▶ [MATERIAL TO PROCESS]:
=== Section Start ===

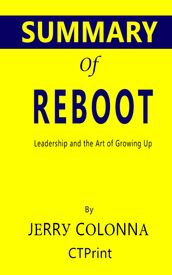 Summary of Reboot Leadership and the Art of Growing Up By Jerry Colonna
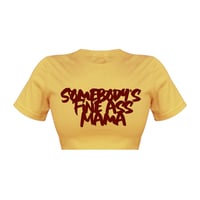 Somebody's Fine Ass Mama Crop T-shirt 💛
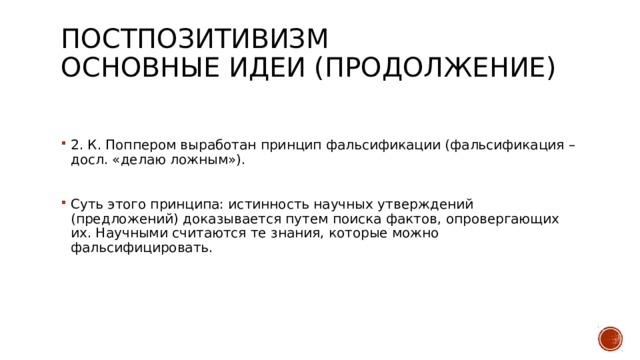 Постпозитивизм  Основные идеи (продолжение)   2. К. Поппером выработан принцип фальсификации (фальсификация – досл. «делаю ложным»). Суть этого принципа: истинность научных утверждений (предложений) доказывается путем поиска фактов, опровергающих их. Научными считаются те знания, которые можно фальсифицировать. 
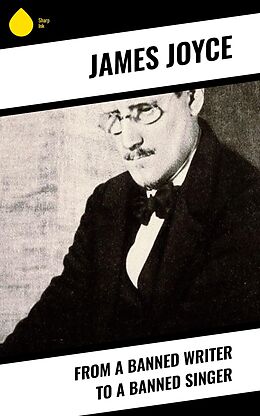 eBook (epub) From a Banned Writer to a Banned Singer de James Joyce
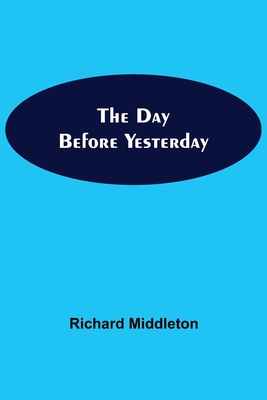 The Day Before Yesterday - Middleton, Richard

=== Section End ===

▶ [WHAT THIS TASK INVOLVES]: Without the pictures, give the entries above back exactly.

▶ [WRITTEN SOLUTION]:
 Summary of Reboot Leadership and the Art of Growing Up By Jerry Colonna
 Somebody's Fine Ass Mama Crop T-shirt 💛
 Постпозитивизм  Основные идеи (продолжение)   2. К. Поппером выработан принцип фальсификации (фальсификация – досл. «делаю ложным»). Суть этого принципа: истинность научных утверждений (предложений) доказывается путем поиска фактов, опровергающих их. Научными считаются те знания, которые можно фальсифицировать. 
 eBook (epub) From a Banned Writer to a Banned Singer de James Joyce
 The Day Before Yesterday - Middleton, Richard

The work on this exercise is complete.